Tatsächlich ging es den Produzenten ja aber auch gar nicht darum, wirklich packenden Stoff abzuliefern. DAS GEHEIMNIS DER VIER KRONJUWELEN ist allzu offensichtlich nur entstanden, um noch ein wenig vom damals bereits zum zweiten Male grassierenden 3D-Boom zu profitieren. Das hatte für das selbe Team im Vorjahr mit ALLES FLIEGT DIR UM DIE OHREN bereits gut funktioniert und sollte sich nun, in Kombination mit der gezielten Anspitzung abenteuerlustiger INDIANA JONES-Fans, ein zweites Mal rentieren. So kommt es dann auch, dass alle zwei Minuten irgendjemand irgendetwas angestrengt in Richtung Kamera hält, was in seiner Penetranz auf Dauer ziemlich an den Nerven sägt. Dabei ist die Grundidee im Prinzip tatsächlich gut dazu geeignet, möglichst viele 3D-Effekte unterzubringen: Pfeile, die in Richtung des Betrachters schießen, Schlangen, die sich zischend und züngelnd auf das Publikum zubewegen, und an Seilen hängende Protagonisten, die dem Zuschauer entgegenbaumeln. Und weil das noch nicht reichte, brachte man zusätzlich noch eine Artistentruppe in der Handlung unter, die minutenlang tollkühne Kunststückchen am Trapez vorführen darf. Doch ist es hier eindeutig ein wenig zu viel des Guten: Viele der Szenen wirken lachhaft bemüht, werden endlos ausgewalzt und bleiben teilweise (wie ein mittiges magisches Rambazamba inklusive in Zeitlupe fliegender Schlüssel und zuckender Blitze) auch ohne jede Erklärung.

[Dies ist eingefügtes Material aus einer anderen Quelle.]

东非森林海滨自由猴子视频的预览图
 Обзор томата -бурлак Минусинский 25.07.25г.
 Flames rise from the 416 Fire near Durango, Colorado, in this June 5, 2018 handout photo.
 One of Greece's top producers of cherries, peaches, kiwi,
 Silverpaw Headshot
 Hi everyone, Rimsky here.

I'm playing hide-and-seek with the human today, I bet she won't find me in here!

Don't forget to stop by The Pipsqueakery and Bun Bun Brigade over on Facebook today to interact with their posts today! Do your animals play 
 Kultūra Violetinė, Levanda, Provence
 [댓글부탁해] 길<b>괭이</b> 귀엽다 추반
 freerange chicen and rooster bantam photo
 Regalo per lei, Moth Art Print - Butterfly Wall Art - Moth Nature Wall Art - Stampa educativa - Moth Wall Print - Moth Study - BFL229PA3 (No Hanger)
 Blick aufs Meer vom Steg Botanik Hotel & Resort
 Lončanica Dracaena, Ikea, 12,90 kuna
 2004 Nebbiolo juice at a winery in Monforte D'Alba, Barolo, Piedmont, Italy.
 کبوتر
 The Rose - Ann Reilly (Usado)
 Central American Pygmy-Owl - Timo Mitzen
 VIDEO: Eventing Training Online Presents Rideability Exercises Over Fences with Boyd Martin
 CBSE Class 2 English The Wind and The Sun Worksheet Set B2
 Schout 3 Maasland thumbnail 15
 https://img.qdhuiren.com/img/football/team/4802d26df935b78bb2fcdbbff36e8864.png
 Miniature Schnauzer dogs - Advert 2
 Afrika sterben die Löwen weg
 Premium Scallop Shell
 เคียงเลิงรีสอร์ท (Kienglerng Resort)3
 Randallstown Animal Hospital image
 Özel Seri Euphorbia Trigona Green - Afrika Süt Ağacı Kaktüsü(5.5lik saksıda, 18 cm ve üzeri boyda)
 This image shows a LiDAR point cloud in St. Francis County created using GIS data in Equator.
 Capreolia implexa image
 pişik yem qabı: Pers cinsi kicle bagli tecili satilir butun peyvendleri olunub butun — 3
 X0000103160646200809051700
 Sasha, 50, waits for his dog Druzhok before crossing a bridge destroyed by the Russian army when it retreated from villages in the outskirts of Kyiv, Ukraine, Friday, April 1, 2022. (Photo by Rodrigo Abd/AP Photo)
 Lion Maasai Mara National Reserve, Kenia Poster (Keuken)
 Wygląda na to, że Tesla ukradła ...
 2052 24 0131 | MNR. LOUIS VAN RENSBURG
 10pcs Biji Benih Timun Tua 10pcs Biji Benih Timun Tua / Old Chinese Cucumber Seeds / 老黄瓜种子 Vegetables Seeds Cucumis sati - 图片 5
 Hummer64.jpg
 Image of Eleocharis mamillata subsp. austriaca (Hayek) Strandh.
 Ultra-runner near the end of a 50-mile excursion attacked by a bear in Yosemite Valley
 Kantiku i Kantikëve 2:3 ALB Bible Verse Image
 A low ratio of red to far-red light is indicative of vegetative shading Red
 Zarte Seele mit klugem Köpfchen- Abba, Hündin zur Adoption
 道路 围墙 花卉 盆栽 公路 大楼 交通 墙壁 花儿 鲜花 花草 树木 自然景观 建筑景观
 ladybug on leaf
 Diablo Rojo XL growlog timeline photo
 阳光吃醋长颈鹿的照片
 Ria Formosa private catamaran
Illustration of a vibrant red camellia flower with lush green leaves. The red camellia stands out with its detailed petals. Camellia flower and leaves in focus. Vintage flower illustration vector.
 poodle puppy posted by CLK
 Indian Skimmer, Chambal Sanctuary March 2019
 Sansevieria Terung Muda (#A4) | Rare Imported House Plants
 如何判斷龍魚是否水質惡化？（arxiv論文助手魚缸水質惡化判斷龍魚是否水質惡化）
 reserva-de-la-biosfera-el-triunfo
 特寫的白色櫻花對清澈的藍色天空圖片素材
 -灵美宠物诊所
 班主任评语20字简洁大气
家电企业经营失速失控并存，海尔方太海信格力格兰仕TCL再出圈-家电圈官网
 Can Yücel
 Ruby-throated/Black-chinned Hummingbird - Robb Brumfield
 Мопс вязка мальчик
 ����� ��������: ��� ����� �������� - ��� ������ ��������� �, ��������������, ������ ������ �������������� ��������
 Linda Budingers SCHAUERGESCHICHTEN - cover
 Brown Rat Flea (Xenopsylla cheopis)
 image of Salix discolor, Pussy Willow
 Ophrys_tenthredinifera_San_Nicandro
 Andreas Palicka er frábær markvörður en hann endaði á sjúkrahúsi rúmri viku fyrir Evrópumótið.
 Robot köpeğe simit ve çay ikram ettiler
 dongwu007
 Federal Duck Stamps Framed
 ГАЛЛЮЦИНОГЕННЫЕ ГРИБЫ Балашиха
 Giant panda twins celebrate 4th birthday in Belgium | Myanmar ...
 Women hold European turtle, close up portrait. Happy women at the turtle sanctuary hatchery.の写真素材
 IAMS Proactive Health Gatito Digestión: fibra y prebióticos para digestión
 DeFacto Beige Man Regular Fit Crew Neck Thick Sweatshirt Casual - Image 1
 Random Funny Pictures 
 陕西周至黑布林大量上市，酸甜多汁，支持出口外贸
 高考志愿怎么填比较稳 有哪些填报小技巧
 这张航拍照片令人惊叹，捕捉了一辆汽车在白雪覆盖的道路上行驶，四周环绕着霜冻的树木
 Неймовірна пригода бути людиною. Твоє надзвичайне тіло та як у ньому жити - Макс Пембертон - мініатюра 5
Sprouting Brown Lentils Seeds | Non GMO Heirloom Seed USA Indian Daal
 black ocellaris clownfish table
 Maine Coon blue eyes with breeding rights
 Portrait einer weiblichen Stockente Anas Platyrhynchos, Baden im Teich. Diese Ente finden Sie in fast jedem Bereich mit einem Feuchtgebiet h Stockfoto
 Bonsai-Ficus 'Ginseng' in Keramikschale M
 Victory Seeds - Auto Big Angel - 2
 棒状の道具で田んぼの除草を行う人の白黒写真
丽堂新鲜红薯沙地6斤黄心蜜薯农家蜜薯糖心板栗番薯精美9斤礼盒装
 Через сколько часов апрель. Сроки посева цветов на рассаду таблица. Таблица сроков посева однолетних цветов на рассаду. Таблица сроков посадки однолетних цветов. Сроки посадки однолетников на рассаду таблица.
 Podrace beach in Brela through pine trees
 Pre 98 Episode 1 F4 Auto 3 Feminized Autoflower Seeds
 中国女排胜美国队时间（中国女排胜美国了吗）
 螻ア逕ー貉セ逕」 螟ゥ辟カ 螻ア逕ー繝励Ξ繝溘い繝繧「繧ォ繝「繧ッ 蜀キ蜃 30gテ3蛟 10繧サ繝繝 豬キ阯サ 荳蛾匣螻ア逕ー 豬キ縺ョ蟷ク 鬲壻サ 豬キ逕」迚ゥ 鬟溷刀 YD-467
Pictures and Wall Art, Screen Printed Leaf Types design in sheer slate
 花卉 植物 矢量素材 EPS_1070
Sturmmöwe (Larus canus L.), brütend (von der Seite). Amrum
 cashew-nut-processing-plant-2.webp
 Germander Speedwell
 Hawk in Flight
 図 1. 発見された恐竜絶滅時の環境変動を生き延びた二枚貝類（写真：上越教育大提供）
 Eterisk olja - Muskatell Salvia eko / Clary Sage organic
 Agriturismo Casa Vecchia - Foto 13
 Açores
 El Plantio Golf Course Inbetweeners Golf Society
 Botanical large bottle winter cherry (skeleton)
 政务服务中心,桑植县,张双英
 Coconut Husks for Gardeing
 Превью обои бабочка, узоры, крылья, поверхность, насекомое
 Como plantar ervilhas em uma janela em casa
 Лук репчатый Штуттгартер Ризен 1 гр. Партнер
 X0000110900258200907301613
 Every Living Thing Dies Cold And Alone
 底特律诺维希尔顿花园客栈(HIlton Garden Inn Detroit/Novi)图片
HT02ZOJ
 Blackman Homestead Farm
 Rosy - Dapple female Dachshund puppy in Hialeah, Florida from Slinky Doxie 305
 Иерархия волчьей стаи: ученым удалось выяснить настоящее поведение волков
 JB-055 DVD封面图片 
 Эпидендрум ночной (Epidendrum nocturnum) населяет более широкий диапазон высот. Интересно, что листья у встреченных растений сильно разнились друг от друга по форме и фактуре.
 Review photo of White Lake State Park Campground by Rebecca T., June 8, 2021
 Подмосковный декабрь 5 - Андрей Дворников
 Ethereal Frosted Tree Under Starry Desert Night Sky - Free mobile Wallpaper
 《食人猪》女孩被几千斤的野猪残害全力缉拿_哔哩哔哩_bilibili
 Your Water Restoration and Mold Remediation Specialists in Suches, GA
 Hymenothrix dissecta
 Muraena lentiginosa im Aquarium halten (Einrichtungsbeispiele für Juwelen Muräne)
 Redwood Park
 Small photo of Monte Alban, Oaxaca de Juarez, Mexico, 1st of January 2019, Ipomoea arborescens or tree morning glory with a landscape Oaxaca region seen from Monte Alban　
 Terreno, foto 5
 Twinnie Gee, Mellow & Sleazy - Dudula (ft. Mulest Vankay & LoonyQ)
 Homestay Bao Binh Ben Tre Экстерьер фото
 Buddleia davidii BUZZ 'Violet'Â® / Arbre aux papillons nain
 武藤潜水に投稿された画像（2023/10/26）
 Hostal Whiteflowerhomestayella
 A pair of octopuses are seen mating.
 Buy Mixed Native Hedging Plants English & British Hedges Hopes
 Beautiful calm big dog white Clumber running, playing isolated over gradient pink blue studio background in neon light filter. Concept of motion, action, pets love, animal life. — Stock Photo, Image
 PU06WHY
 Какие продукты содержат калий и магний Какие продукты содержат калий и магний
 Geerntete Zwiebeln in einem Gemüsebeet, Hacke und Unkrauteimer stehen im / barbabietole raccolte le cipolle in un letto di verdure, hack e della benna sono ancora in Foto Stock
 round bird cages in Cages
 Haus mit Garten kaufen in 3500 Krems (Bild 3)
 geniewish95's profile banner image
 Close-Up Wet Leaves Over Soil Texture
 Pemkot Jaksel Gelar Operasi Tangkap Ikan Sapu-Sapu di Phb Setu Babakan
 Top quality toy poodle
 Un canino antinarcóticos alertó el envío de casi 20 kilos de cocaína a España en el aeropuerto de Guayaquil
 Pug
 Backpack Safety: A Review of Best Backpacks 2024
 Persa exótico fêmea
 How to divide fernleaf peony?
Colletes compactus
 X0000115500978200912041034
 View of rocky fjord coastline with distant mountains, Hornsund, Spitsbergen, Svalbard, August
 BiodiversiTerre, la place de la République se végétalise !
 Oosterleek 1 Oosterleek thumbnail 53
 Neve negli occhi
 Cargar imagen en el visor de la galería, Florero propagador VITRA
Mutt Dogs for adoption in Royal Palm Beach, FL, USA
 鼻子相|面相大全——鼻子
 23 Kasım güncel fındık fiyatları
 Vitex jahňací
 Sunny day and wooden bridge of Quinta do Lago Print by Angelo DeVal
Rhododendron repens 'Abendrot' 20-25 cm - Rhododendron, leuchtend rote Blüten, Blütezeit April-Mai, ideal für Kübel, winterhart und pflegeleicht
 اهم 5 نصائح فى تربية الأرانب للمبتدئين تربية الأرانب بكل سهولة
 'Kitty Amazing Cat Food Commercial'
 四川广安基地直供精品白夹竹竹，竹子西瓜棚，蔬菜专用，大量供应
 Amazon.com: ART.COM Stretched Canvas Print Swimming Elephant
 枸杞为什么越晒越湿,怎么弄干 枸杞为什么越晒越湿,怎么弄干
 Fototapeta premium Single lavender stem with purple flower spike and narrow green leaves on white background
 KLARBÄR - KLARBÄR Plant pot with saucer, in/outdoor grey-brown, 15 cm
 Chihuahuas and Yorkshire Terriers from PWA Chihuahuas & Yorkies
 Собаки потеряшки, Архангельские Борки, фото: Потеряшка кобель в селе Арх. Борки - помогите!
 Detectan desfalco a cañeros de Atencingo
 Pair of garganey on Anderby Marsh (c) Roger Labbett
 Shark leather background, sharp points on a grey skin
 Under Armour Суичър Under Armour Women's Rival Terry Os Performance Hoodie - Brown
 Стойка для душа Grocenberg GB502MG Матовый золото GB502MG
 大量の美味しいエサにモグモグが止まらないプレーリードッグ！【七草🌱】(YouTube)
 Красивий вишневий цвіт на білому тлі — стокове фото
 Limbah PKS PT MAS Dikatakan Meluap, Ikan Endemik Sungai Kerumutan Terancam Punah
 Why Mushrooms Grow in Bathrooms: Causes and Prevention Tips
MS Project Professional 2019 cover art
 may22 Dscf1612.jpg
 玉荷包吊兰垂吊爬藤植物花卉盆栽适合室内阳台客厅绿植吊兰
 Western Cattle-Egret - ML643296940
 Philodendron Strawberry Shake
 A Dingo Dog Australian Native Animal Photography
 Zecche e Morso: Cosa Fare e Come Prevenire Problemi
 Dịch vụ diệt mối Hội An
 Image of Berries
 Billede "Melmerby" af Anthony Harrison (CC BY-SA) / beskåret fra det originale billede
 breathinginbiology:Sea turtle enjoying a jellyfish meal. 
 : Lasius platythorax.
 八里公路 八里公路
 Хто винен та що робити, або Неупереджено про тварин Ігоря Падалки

Der Amerikaner Tony Anthony, dessen Gesicht zuvor durch eine Handvoll Italo-Western bekannt wurde, war in die Produktion von DAS GEHEIMNIS DER VIER KRONJUWELEN maßgeblich involviert, so dass es gewiss kein Zufall ist, dass seine Figur immer wieder prätentiös in den Mittelpunkt gerückt wird. Als schweigsamer Revolverheld machte Anthony allerdings eine wesentlich bessere Figur als als abgehalfterter Aushilfs-'Indiana Jones'. Als lässiger Abenteurer fehlt es ihm an Attraktivität und Glaubwürdigkeit, und seine ständigen Versuche, cool aus der Wäsche zu gucken, sind nicht mal halb so effektiv wie noch in seinen Paraderollen als BLINDMAN oder WESTERN JACK. Immerhin wird sein schwaches Schauspiel in der deutschen Fassung ein wenig durch die souveräne Synchronisation von Michael „Chevy Chase“ Brennicke kaschiert. Die restlichen Darsteller agieren solide, Francisco Rabal [→ DER LANGE TAG DER RACHE] als todkranker Sokrates sticht positiv heraus, Emiliano Redondo [→  PHANTASTISCHE REISE ZUM MITTELPUNKT DER ERDE] amüsiert als Bösewicht mit dämlichen Dialogen aus dem Sektenführer-Handbuch.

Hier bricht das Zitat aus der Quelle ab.